With poignant scenes set against the backdrop of mundanity, TRNZ's new paintings inflict their own understated pathos amidst the spectacle of images. Subdued, unassuming, and low-key, the events and characters portrayed in each of his works seem to carry with them an unverifiable weight, waiting to be discovered; waiting to register against memory. Both familiar and eerie, the weight of each scene is detected through traces of autobiographical instances-maybe his own, or maybe even yours. It is this kind of personal yet relatable content that draws our attention to pictures and stories everywhere, and this is where TRNZ has become so adept in painting his images: in colliding his own against the many uncelebrated instances of life-until they become memorable.

Not all moments are momentous, and the artist seems to possess a deep understanding of this notion. TRNZ subscribes to that process-of allocating ordinary events their significant place within the narrative. He describes these quotidian, mundane, yet nagging and persevering images in his mind as 'fragments.' Contrary to memory, he explains, these are vague instances of which he's not even sure if they were his own. Yet they persist. So he combines them against the repository of other events through other available images found in photographs, found online, or elsewhere. These fragments then become more familiar, more universal, and their conflation stands out as a kind of collective memory-where memory is merely the aftermath and the effect of 'looking closely.'

These are not memories, but they can be yours: your own vague memory. Perhaps from childhood, as his painting style suggests. Perhaps as filtered within the tropes of anime, a drawing style which the artist admittedly grew up with, and through which he saw the world as a Filipino child in their dubbed versions aired on local television. The uneventful, the ordinary then becomes part of this unassuming depiction, of portraying the world (and painting the world) via whatever came natural as a child.
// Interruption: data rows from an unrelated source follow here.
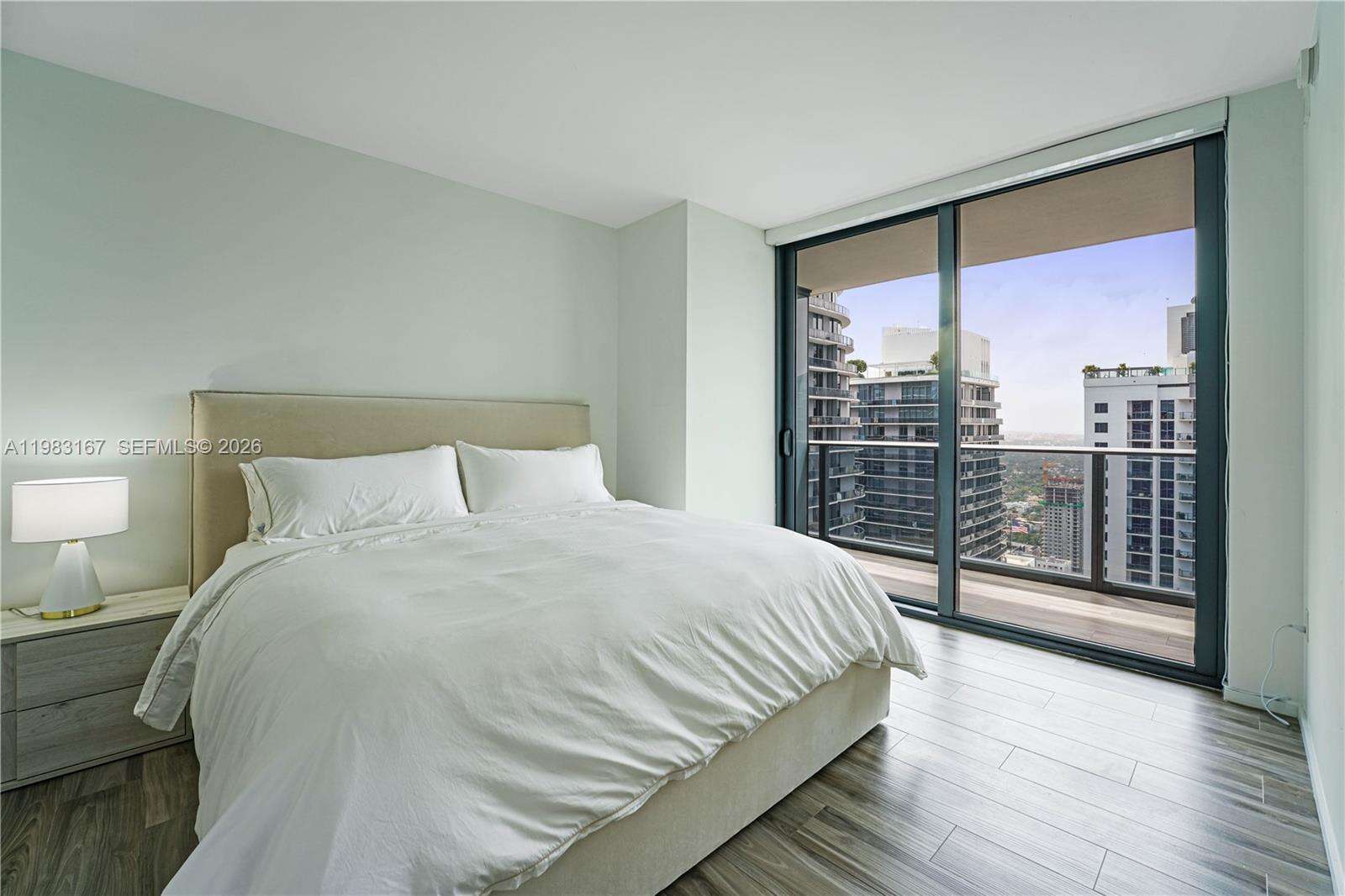 801 SMA RESIDENCES - 801 Miami Ave, Miami, FL 33130 | Picture 10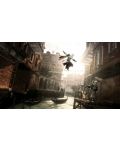 Assassin's Creed II GOTY - Essentials (PS3)	 - 15t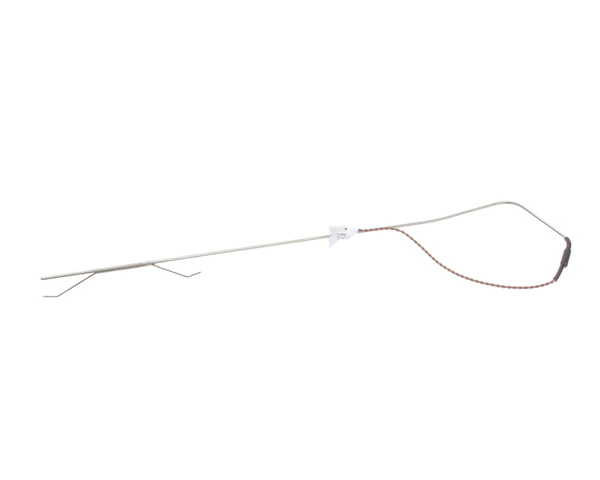 LANG PARTS 2E-41100-13 - SKU LG2E-41100-13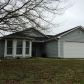 483 Chardonnay Trace, Braselton, GA 30517 ID:6782633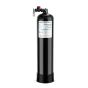 WECO DIBP-0844 Deionizing Resin Tank with Garden Hose Connectors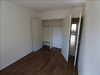 Ma-Cabane - Location Appartement DIJON, 71 m²
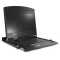 19" TFT-Schublade / Admin-Konsole - inkl. 16-Port KVM-Switch - 19" TFT - inkl. KVM-Kabel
And as part of popular culture and the whole visual landscape, this comic-cartoon like rendition might have dwelled in the world of the withdrawn, unassertive, unobtrusive, and maybe even the naïve-but is still painting, nevertheless; and occupies its rightful spot within the conventional scope of 'visual language.'

In its genuine timidity in both appearance and subject matter, TRNZ's works stand out against the attention-grabbing spectacle of other media. His emphasis is on the importance of overlooked details, of forgotten and random scenes or objects, as fragments imbued with cultural memory. These elements, rather than being mere objects, serve as potential 'memories' that can point to deeper meanings. He likens his works to collages, or layered montages-combining a collection of vague images rather than composing for a grand, imposing, and totalizing narrative. "My art is an attempt to hold these unstable fragments in place long enough for other people to feel the same tension, or for them to sense a flicker of recognition-like overhearing a song you think you know but can't place," he asserts.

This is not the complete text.